In line 5, the return is part of a function. In line 8, I expect return in exec ('return...') to be a part of a function.

maxIndex = 2

import sympy

from sympy import symbols, latex

def get_a1():

    return a1

def get_a2():

    strSym = 'return a2'

    exec(strSym)

def get_a (j):

    strSym = 'return a' + str(j)

    exec(strSym)

lam = symbols('\\lambda')

for ind in range(1,maxIndex+1):

    strSym = 'a' + str(ind) + ' = symbols(\'a_' + str(ind) + '\')'

    exec(strSym)

#a1 = symbols('a_1')

#a2 = symbols('a_2')

print(latex(get_a1()))

#print(latex(get_a2())) # causes 'return' outside function (<string>, line 1)

exp = 3*get_a(1) + 5*get_a(2)*lam**2 # causes 'return' outside function (<string>, line 1)

print(latex(exp))

print('end testSym')

[Thomas Ligon]

Now I see a solution: forget the function and create the expression exp using string manipulation and exec, something like

strExp = 'complex string'

strSym = 'exp = ' + strExp

exec(strSym)

[Aaron Meurer]

You can't use exec() to do a return statement for a function that is
not also part of the string. What you want is eval(), which evaluates
an expression and returns it, like

return eval(string)

However, you should consider just using sympify() or parse_expr() if
you are evaluating strings to SymPy expressions, as they are designed
for that and will give you things like automatically defining the
symbols.

Actually, for what you've shown, I don't see the need to use exec() or
eval() at all. You can just create the symbols from the strings, like
Symbol('a' + str(j)). Symbols are completely defined by name, so if
two symbols have the same name, they will be equal.

Aaron Meurer

> To view this discussion on the web visit https://groups.google.com/d/msgid/sympy/00d00ac2-7b0c-4ac1-b81a-dcc9f7956572n%40googlegroups.com.

[Thomas Ligon]

Thanks again for the very valuable help. I think I am getting very close to a good solution, but I must still have a bug in there.

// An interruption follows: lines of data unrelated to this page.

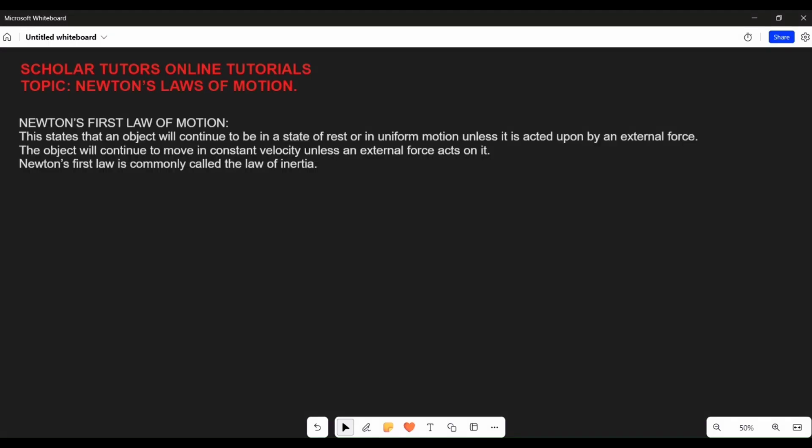Welcome to Stot YouTube channel. In this video I'm going to explain Newton's laws of motion — how you can understand the three Newton's laws of motion. Let's get started. Newton's first law of motion states that an object will continue to be in a state of rest or in uniform motion unless it is acted upon by an external force. Now what I want you to take note of in this law are two statements: state of rest, or in uniform motion.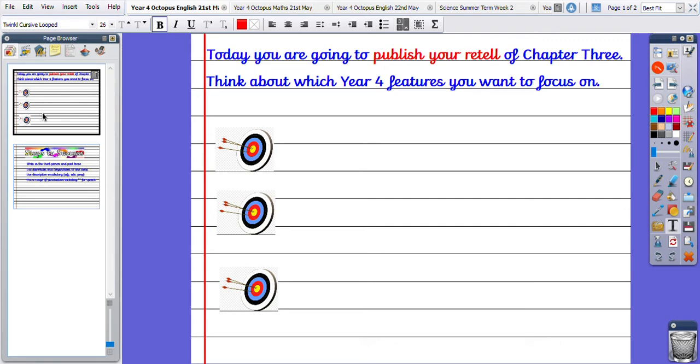Good morning Octopus. Your English lesson today, you are looking at publishing your retell of Chapter 3. So first things first, I'd like you to go through your work that you've done over the past week and look at your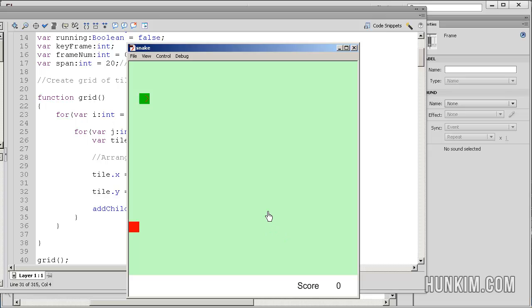Congratulations. We finished this part 2 video of making this epic awesome snake game.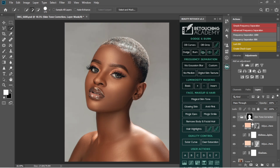If you're not okay with the result, there are other settings you can still adjust inside to get to exactly what you want. I kept this video short so you guys can quickly learn how to apply the Magical Skin Tone to an image.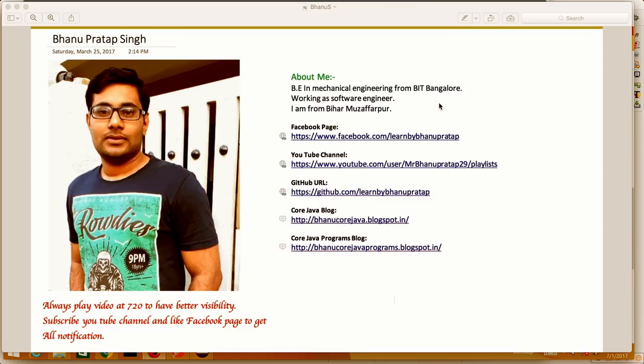A brief about me — I come from a mechanical background and I'm from Bihar, Majappar. I have a Facebook page and YouTube channel where you can ask me questions, and a GitHub where you can get my source code.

First, just a small piece of background: I am using some symbols like

Round1 = symbols('\\(1\\)')

Round1Bar = symbols('\\Bar{\\(1\\)}')

In other words, a "1" in parentheses and the same thing with a bar over it, plus some using square brackets. These were defined and used in two papers I am referring to, published in 1854 and 1896, both by famous mathematicians. One version of my code used something like E_1 instead, but this time I chose to stick to the old symbols, even though they are not typical today, since they could be confused with normal parentheses.

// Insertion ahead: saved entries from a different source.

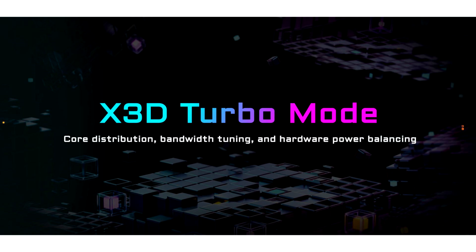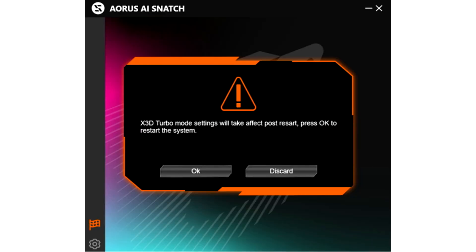The process involves navigating to the flag icon inside the app. First, run Live Update on GCC to get the latest Aorsi Snatch version B24.11.19.01. Navigate to the flag icon in the lower left corner, then click it to activate X3D Turbo Mode. Confirm the pop-up window by clicking OK, and the system will automatically restart to activate the feature.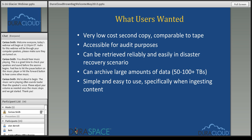And of course, the bottom line for all of this is that a second copy comparable to tape should not be like tape — it should be very simple and easy to use, especially when adding or ingesting content and also when trying to retrieve or restore content from this secondary copy.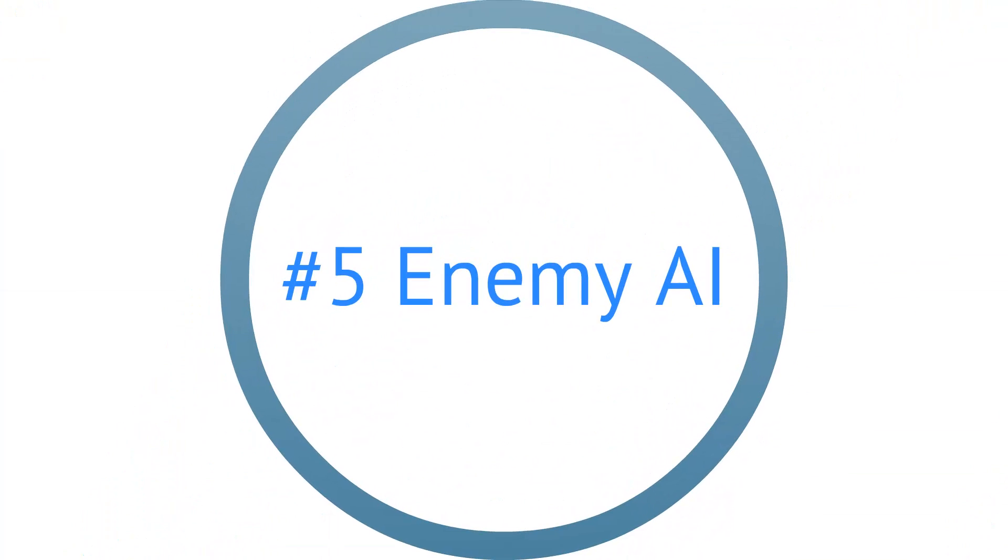In video 5 we are going to create our enemies, the aliens and their AI. We are going to create a very simple AI with very simple movement and attacking.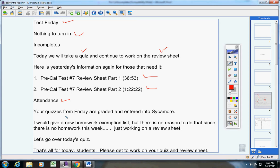I will give a new homework exemption list. I would give a new one, but there's no reason to do that since there's no homework this week. Just keep working on the review sheet. Let's go over to today. Plus, we haven't taken a test yet anyways. I don't change the homework exemption list until we've taken the test.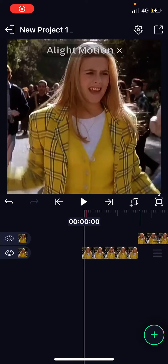Hey guys and welcome back to the Tutorial Millennial channel. In this video I'll be showing you guys how you can create the flash effect on Light Motion. Open up your project — you should have a few clips that you want to use.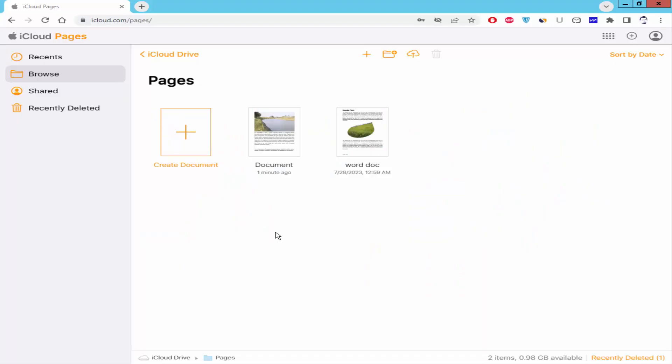Assalamu alaikum. In this video, I will show you how to make page numbers Roman numerals in Apple Pages. Let's get started. Open the document.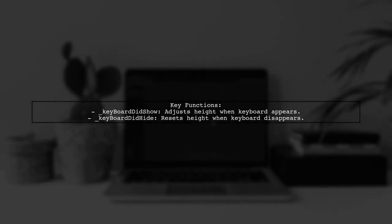In the List Spacer component, we listen for keyboard events. When the keyboard shows, we adjust the flat list height to accommodate it. When the keyboard hides, we reset the height.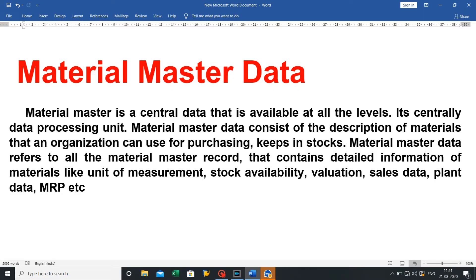In this video we will discuss material master data, number ranges, and how to configure material master data. Material master is central data that is available at all levels — it is a centrally managed data processing unit. Material master data consists of the description of materials that an organization can use for purchasing and keeping in stock.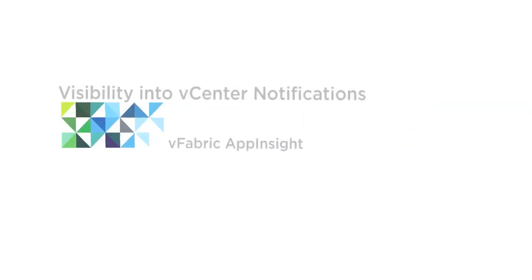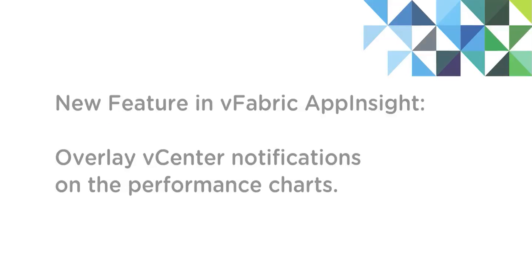A new feature in vFabric AppInsight 1.1 is to overlay vCenter notifications on the performance charts. This allows us to correlate actions such as vMotion, snapshot creation, etc., to see if they have any impact on the performance of our application.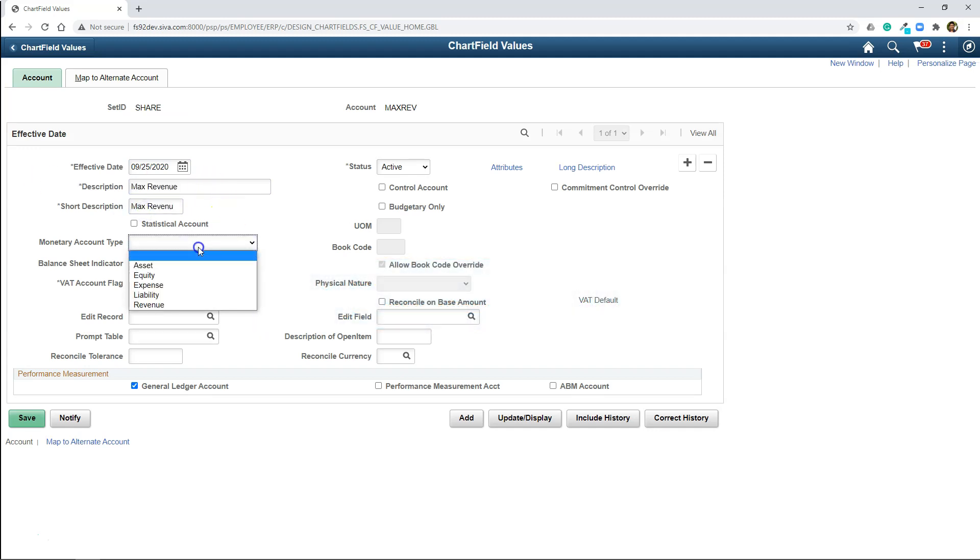I will save it and now I will quickly create a revenue account. Don't forget, here you need to specify monetary type as revenue. I will save it.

Now, I have working code that has a hard-coded limit on the number of symbols and I need to upgrade it so that it can handle an undetermined (perhaps large) number of symbols. When creating expressions, I am using functions like this one:

 def getRoundjBar (j):

    strJ = str(abs(j))

    if j < 0:

        strJ = 'm' + strJ

    strSym = 'Round' + strJ + 'Bar'

    return parse_expr(strSym)

and here is some test code showing it in action:

ret1 = getRoundjBar(1)

print(ret1)

print(latex(ret1))

I can see that it is important for me to understand the type of the variable and, fortunately, the "Locals" window in my debugger shows that ret1 contains the value Round1Bar and has type Symbol. Good, that makes almost everything work well, but

print(latex(ret1)) 

produces

\bar{Round1}

where it should produce
\\bar{\(1\)} 

[Aaron Meurer]

I think Round as a shortcut for putting parentheses around something
is not implemented in the LaTeX printer. I've never seen that before,
but if it is common, we can add it. Otherwise, if you need custom
LaTeX in your symbol names you should just use it directly in the
symbol name.

Aaron Meurer

> To view this discussion on the web visit https://groups.google.com/d/msgid/sympy/24d5bbe0-8388-4564-ad2f-10fa6412c94bn%40googlegroups.com.

[Thomas Ligon]

Hi Aaron,

this remark really throws me off. I certainly didn't think that Round was a shortcut for anything. Here is how I understood Sympy:

When I write

Round1 = symbols('\\(1\\)') 

then I assume that the right-hand side is the form used by Sympy for printout, especially for print(latex(...)), and the left-hand side is just a name that I invent, meaning that Round is my way of remembering what it is, and the name should avoid special characters that I want in the printout, such as parentheses and minus signs, because they cause unwanted things to happen in an expression. By the way, that is why I have a Roundm2 = symbols('\\(-2\\)')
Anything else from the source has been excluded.